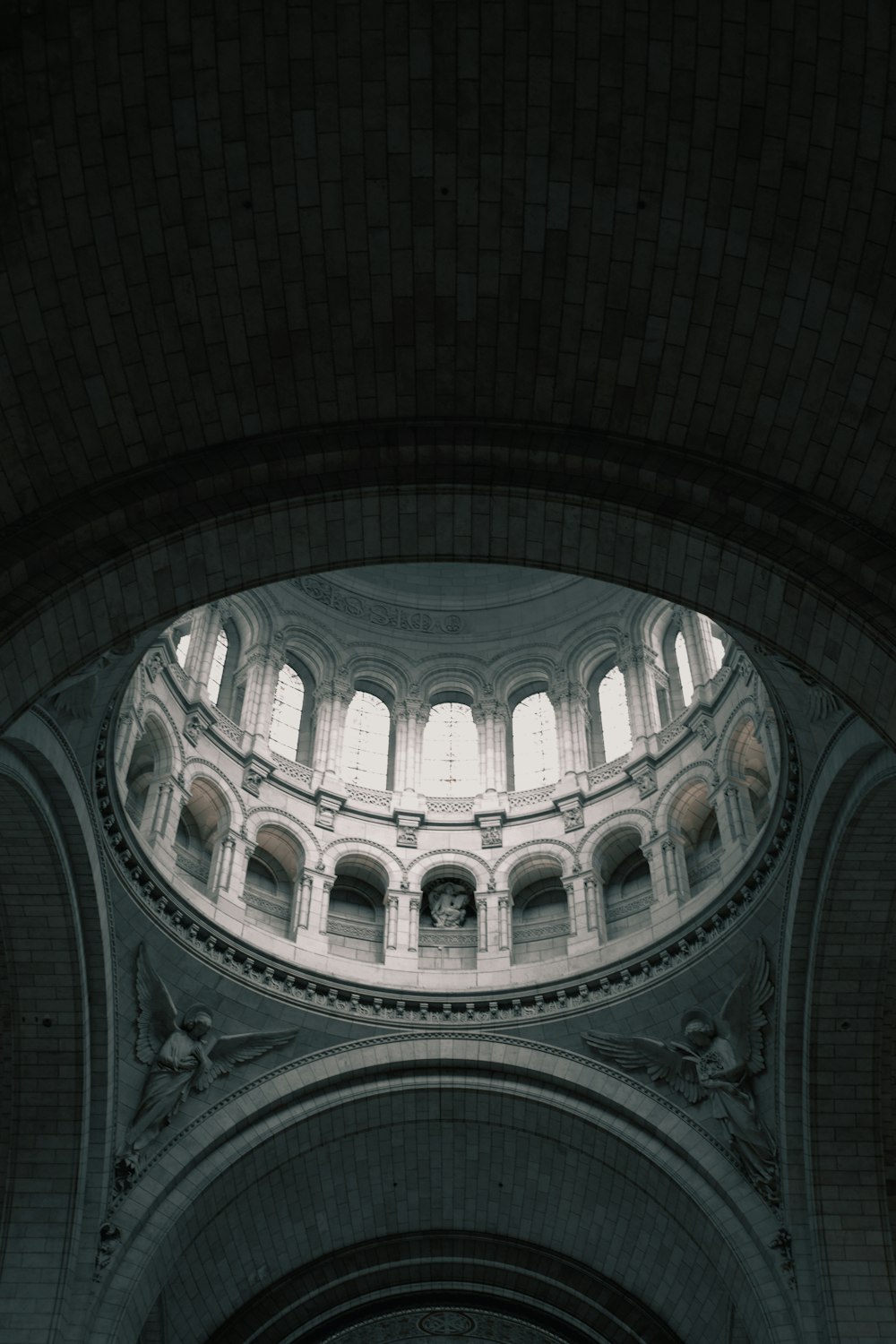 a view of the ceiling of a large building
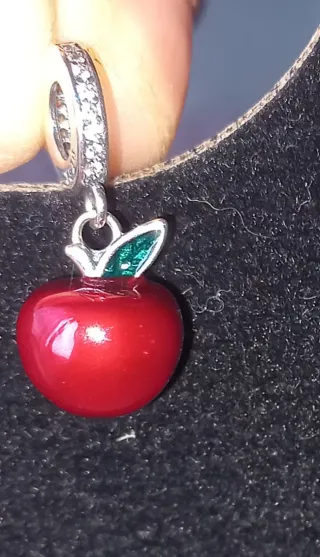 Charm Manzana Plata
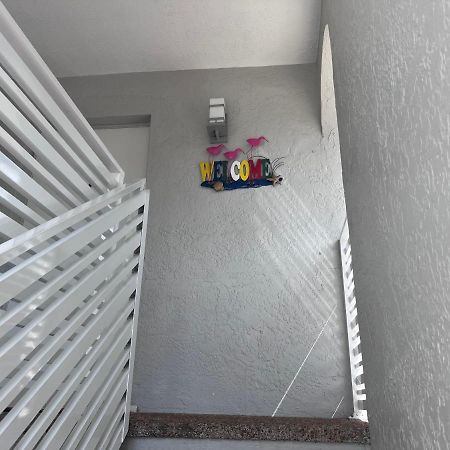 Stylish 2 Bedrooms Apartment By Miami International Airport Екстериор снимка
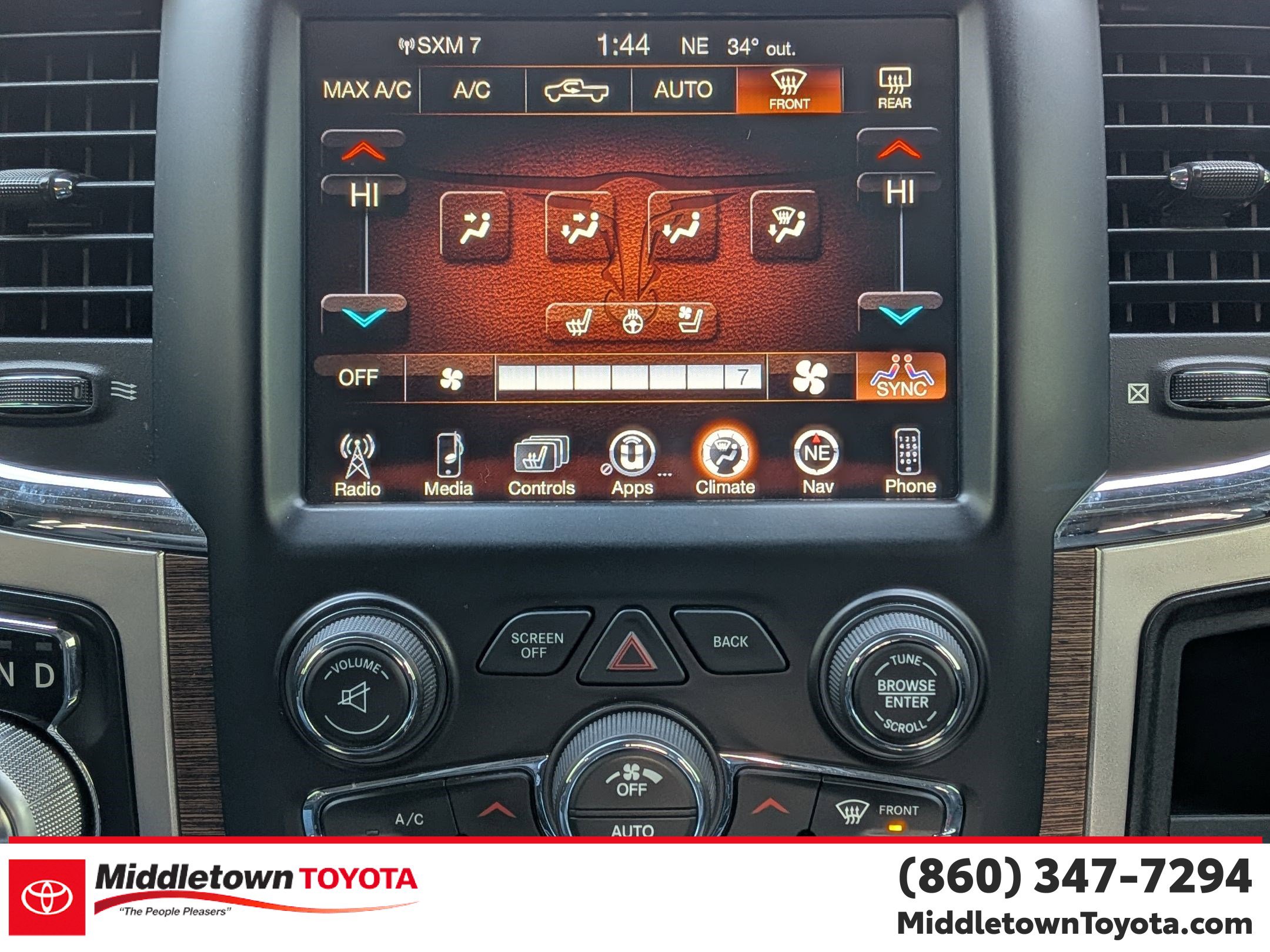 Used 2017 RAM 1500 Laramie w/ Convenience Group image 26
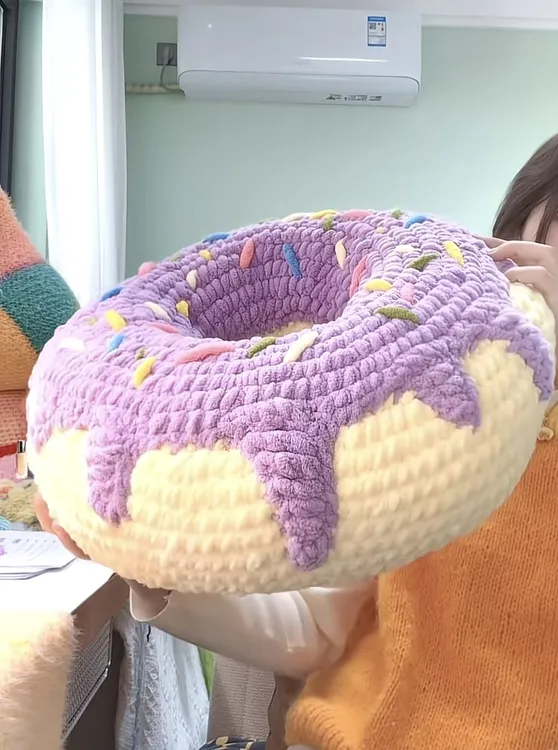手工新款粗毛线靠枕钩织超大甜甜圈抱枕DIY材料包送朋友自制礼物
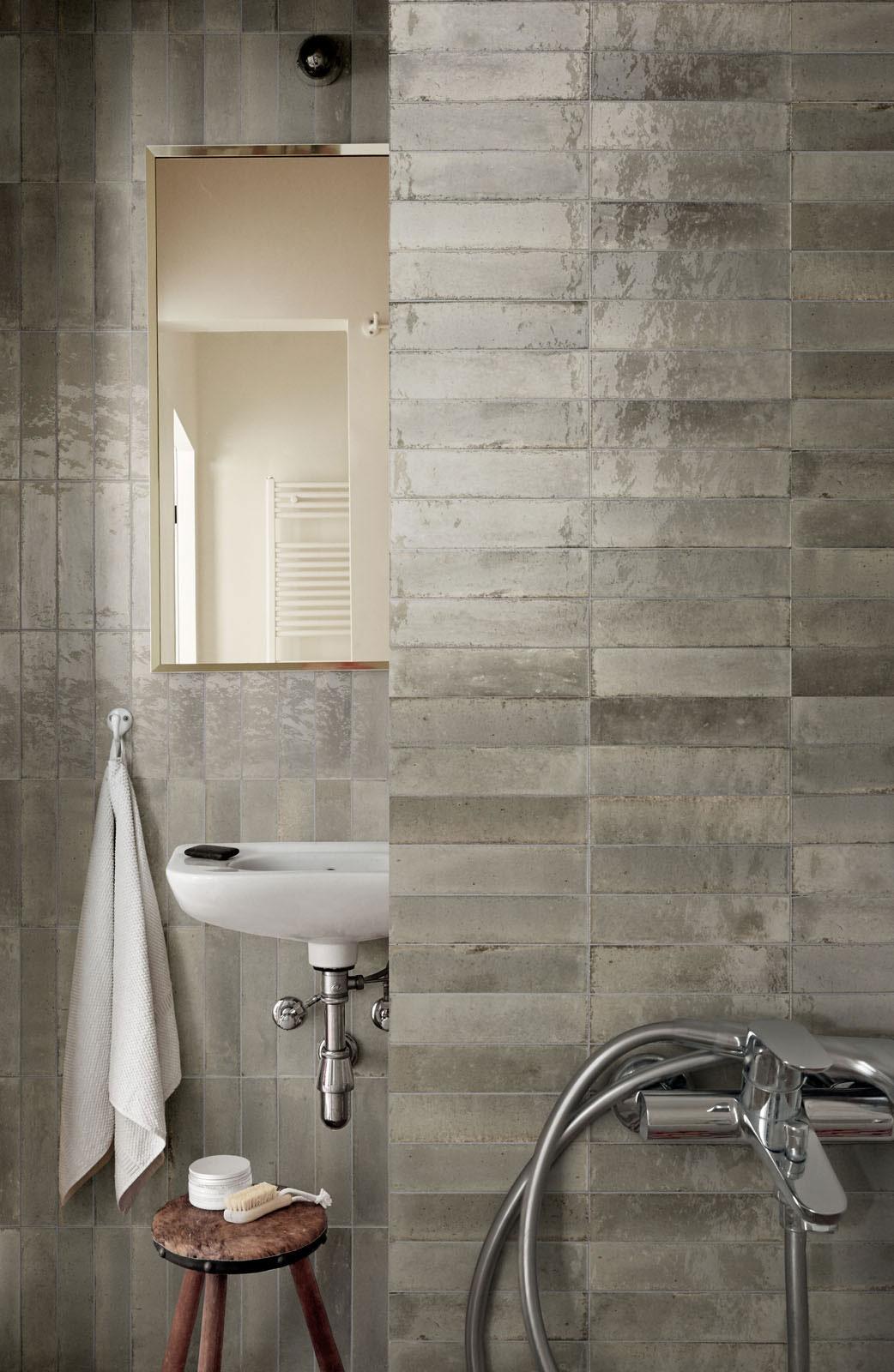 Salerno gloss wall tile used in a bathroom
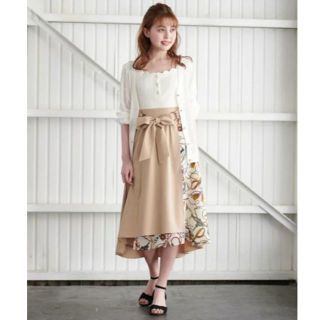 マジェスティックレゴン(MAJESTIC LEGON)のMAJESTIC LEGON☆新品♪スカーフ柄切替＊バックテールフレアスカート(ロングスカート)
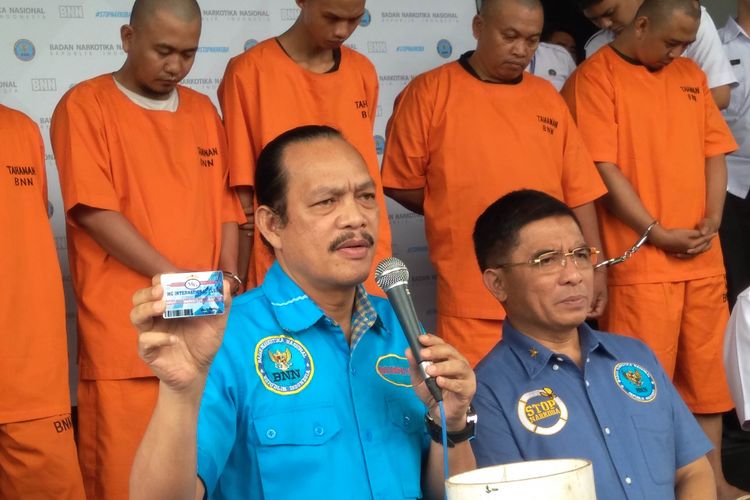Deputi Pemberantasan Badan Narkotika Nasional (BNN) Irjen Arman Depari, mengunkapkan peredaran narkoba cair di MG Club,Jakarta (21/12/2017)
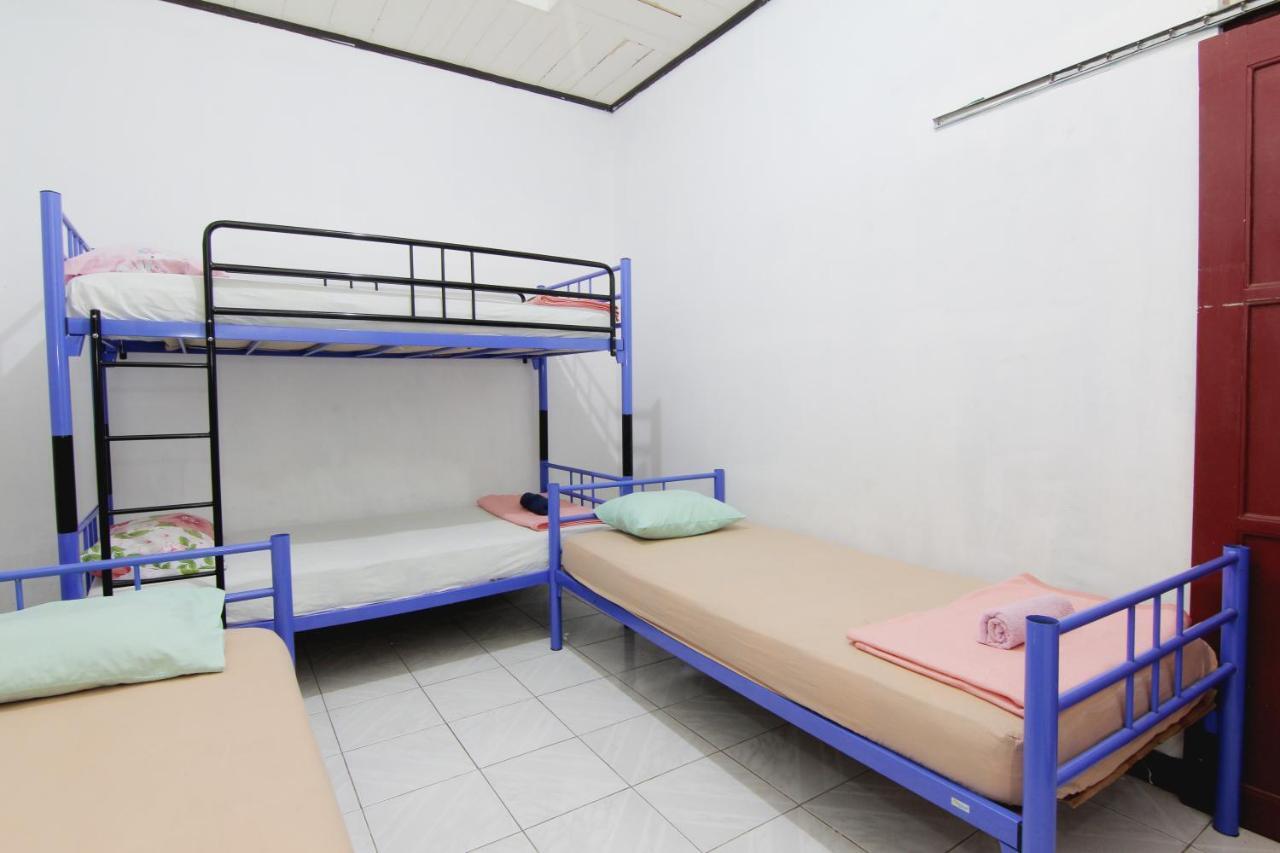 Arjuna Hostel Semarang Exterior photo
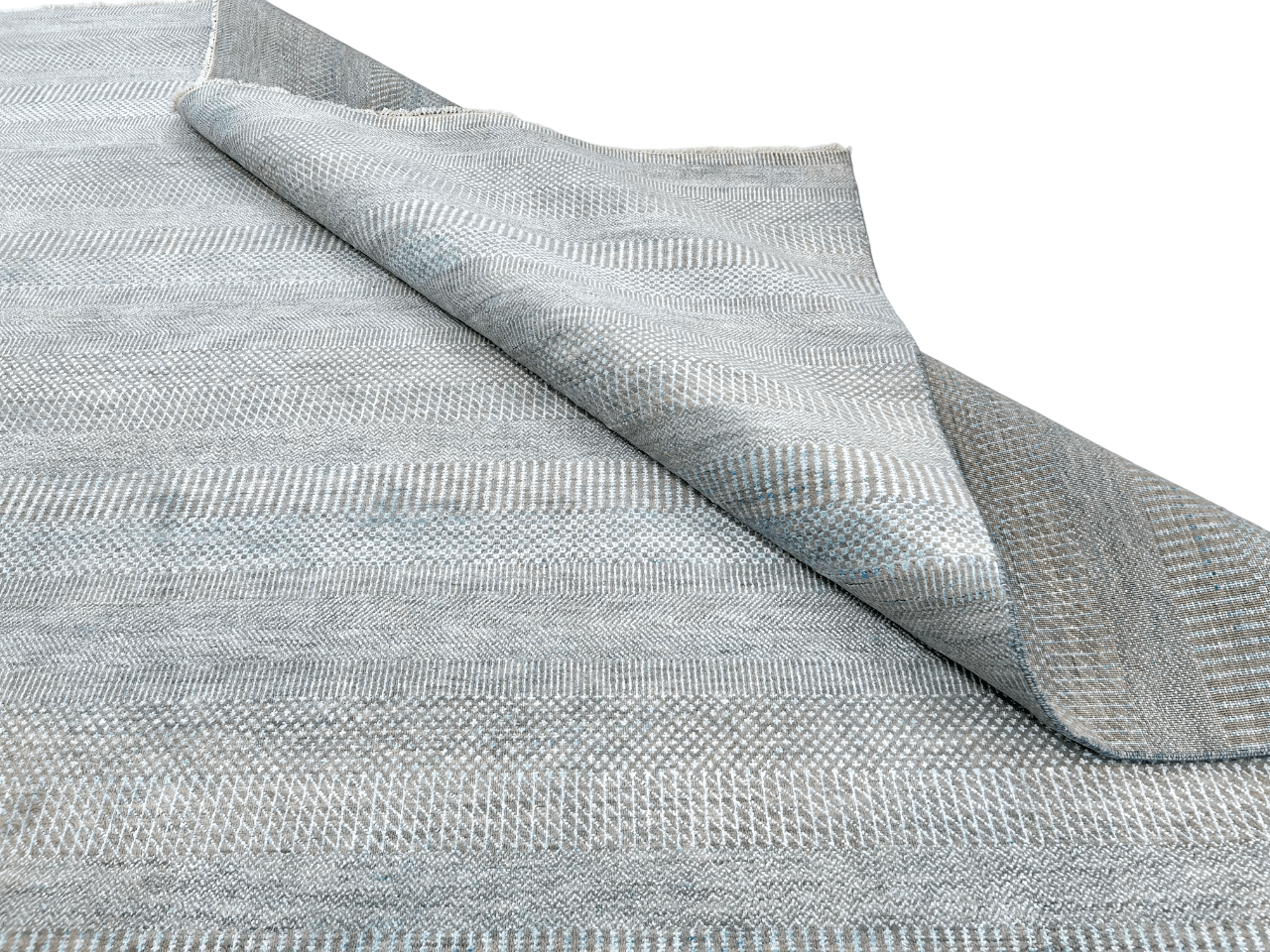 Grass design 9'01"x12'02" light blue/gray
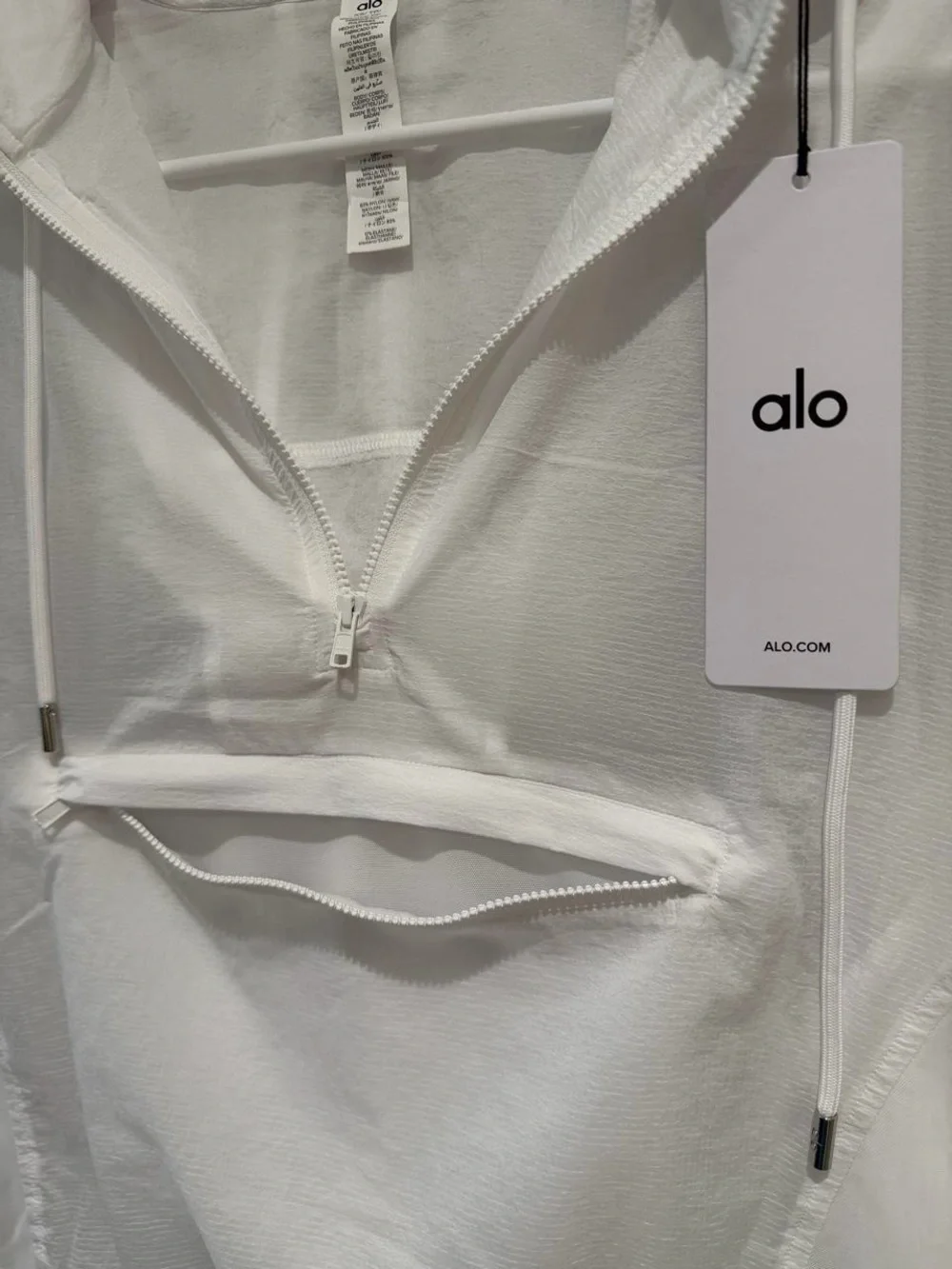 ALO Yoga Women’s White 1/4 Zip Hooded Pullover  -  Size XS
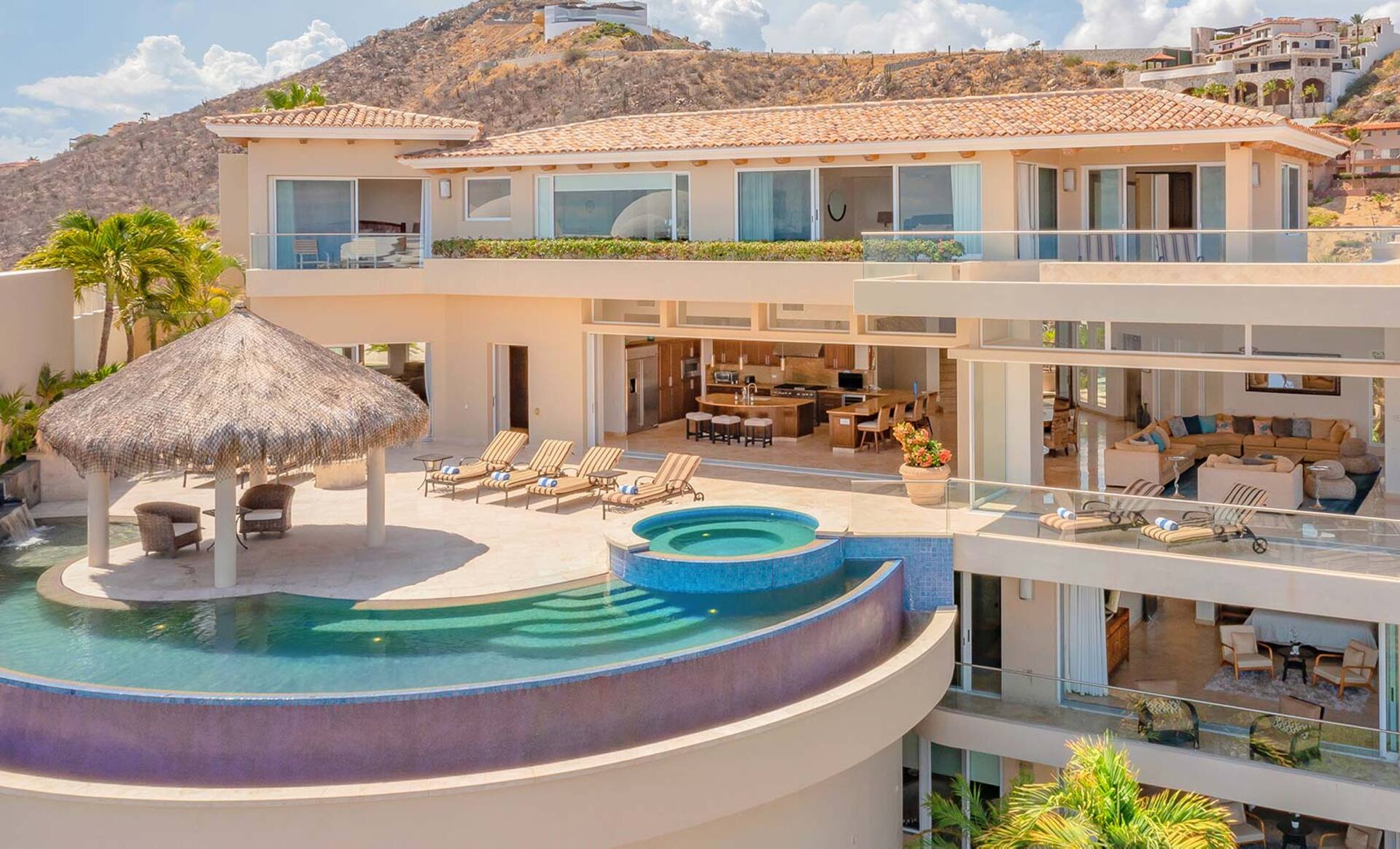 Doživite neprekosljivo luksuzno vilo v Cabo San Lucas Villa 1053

__EXERCISE PROMPT__
Leave the pictures out and restate exactly the lines from the one that has "Charm Manzana Plata" through the final line of the entries above, both ends included.

__ANSWER__
 Charm Manzana Plata
 Stylish 2 Bedrooms Apartment By Miami International Airport Екстериор снимка
 Used 2017 RAM 1500 Laramie w/ Convenience Group image 26
手工新款粗毛线靠枕钩织超大甜甜圈抱枕DIY材料包送朋友自制礼物
 Salerno gloss wall tile used in a bathroom
 マジェスティックレゴン(MAJESTIC LEGON)のMAJESTIC LEGON☆新品♪スカーフ柄切替＊バックテールフレアスカート(ロングスカート)
Deputi Pemberantasan Badan Narkotika Nasional (BNN) Irjen Arman Depari, mengunkapkan peredaran narkoba cair di MG Club,Jakarta (21/12/2017)
 Arjuna Hostel Semarang Exterior photo
 Grass design 9'01"x12'02" light blue/gray
 ALO Yoga Women’s White 1/4 Zip Hooded Pullover  -  Size XS
 Doživite neprekosljivo luksuzno vilo v Cabo San Lucas Villa 1053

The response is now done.